R for Beginners: Textbooks & Resources for Neurobiology

cobalt124 · Oct 17, 2020

My daughter has just started her first year at university studying Neurobiology. She doesn’t have much experience with programming and is having to learn R (RStudio 3.0.2) from scratch for the statistical modelling/graph plotting parts of the course. She knows what she needs to do with her data but not how to express the requirement in R. Are there any textbooks/online resources anyone could recommend for a beginner using R?

jedishrfu · Oct 17, 2020

Google is your friend, searching on R tutorial will bring up many good resources for her to look at, in particular tutorialspoint is a good starting place:

https://www.tutorialspoint.com/r/index.htm

is R a course prerequisite?

If not there are other tools that may fit the bill such as MATLAB, Julia, or Python. A lot of stat modules are available for these more commonly used tools.

There are also some YouTube videos on R, here’s one such course

jedishrfu · Oct 18, 2020

Another summarized resource for R:

https://learnxinyminutes.com/docs/r/

cobalt124 · Oct 19, 2020

Thanks for the links, I’ll pass them on. Yes RStudio is what she has to use. I did a Google search and checked the forum resources before posting. I mistakenly assumed R resources would be as common as for Python, that doesn’t seem to be the case. Think we’ll have to have a further search, thanks for the start.

pbuk · Oct 19, 2020

I think this 2-day course would be good: https://training.csx.cam.ac.uk/bioinformatics/course/bioinfo-introRbio, however it is not free and the only one currently timetabled is full.
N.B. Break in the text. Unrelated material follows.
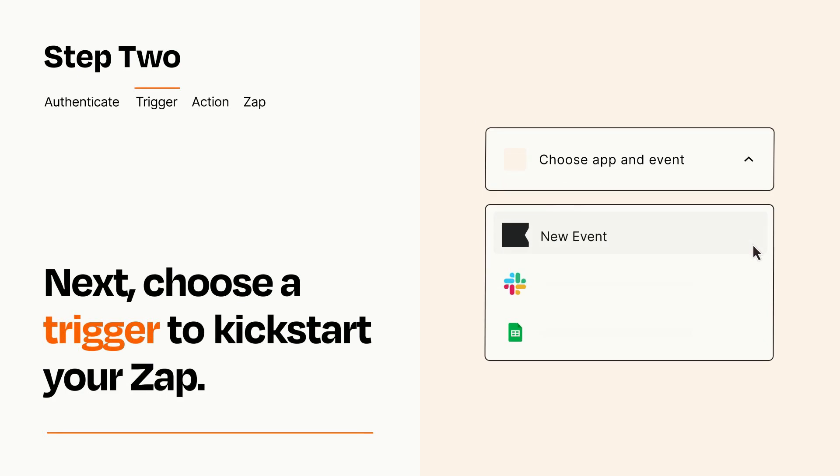Now let's set up your trigger, which is the event that starts your Zap. Pick the trigger event that you want from the list.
FactChecker · Oct 30, 2020

Look at "R in a Nutshell". The O'Reilly Nutshell series of books are usually good and the R book is a good reference.

harborsparrow · Oct 31, 2020

BTW the last time I looked for R books in a bookstore, they were not with the other programming books but were, instead, filed over in biology. Just in case you want to go browse books in person. Took me a while to find them.

sysprog · Oct 31, 2020

Your daughter might also benefit from browsing https://rosettacode.org ##-## she can check how a given problem can be solved in R, and then review solutions to the same problem in e.g. Mathematica or Python.

Here's an example:

https://rosettacode.org/wiki/Verify_distribution_uniformity/Chi-squared_test#R

rosettacode.org said:

R being a statistical computating language, the chi-squared test is built in with the function "chisq.test"

Code:

dset1=c(199809,200665,199607,200270,199649)
dset2=c(522573,244456,139979,71531,21461)
 
chi2IsUniform<-function(dataset,significance=0.05){
  chi2IsUniform=(chisq.test(dataset)$p.value>significance)
}
 
for (ds in list(dset1,dset2)){
  print(c("Data set:",ds))
  print(chisq.test(ds))
  print(paste("uniform?",chi2IsUniform(ds)))
}

Output:

[1] "Data set:" "199809" "200665" "199607" "200270" "199649"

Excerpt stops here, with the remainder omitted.